# MATERIAL PROVIDED:
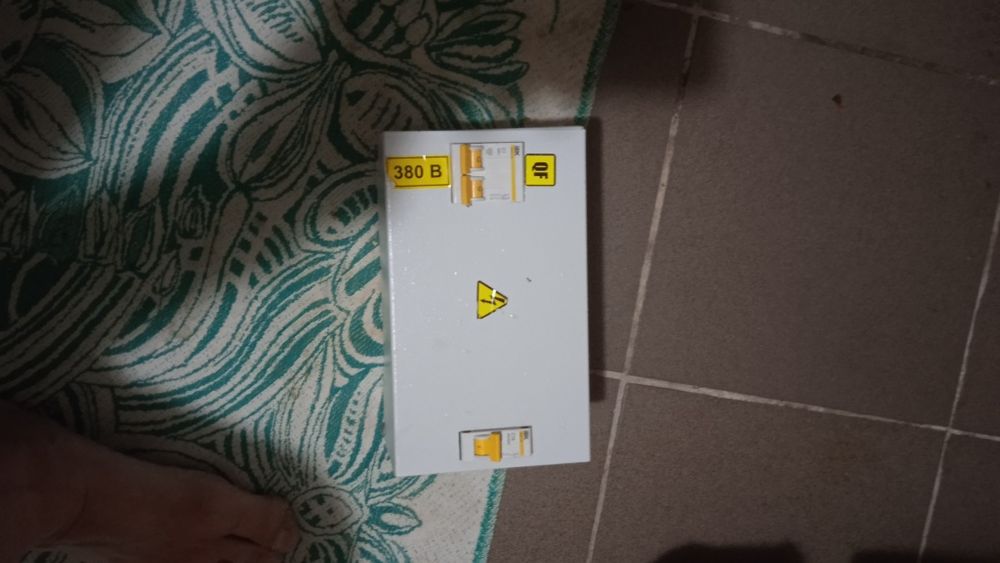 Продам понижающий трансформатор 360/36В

==

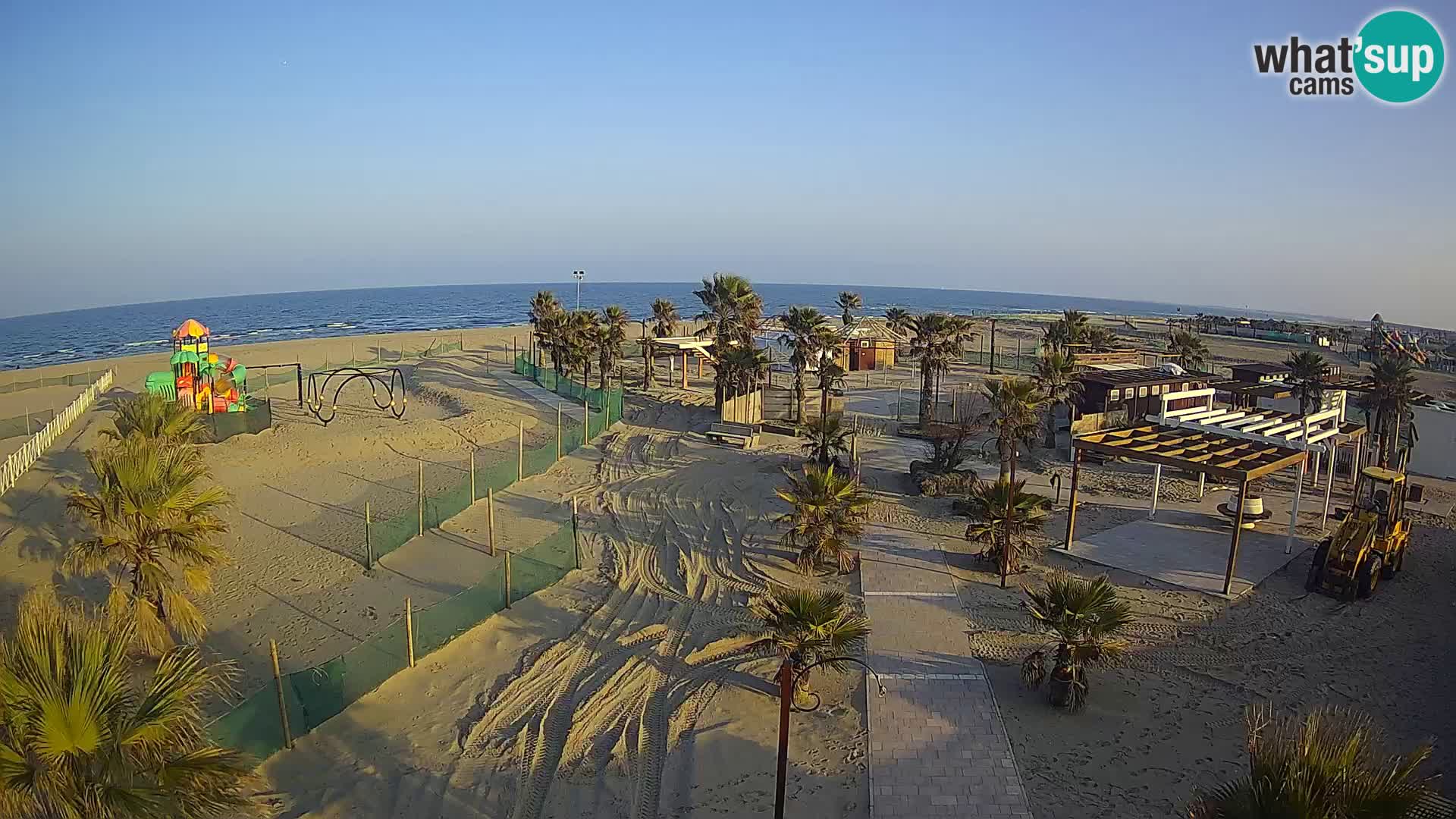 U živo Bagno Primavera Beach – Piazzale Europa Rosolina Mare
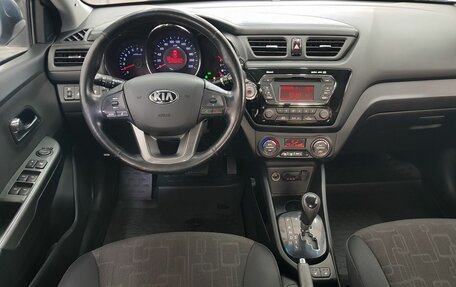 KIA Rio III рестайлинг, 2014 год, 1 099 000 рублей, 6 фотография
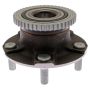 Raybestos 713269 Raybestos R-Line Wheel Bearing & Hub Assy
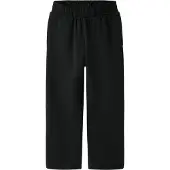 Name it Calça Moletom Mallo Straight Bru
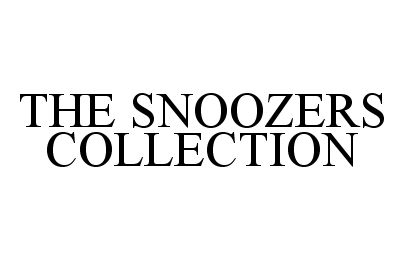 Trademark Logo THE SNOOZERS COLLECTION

==

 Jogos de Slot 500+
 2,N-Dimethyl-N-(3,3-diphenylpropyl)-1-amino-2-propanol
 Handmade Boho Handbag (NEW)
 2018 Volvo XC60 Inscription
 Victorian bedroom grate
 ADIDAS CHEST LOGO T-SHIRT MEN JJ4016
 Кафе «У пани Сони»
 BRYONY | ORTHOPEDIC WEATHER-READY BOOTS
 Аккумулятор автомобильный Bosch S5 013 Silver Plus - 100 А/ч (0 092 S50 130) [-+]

# WHAT IS NEEDED:
Only one stretch of the listing is wanted: the lines starting at the one with "Raybestos 713269 Raybestos" and ending at the one with "Trademark Logo THE SNOOZERS COLLECTION", copied exactly and free of pictures.

# SOLVED PROBLEM:
 Raybestos 713269 Raybestos R-Line Wheel Bearing & Hub Assy
 Name it Calça Moletom Mallo Straight Bru
 Trademark Logo THE SNOOZERS COLLECTION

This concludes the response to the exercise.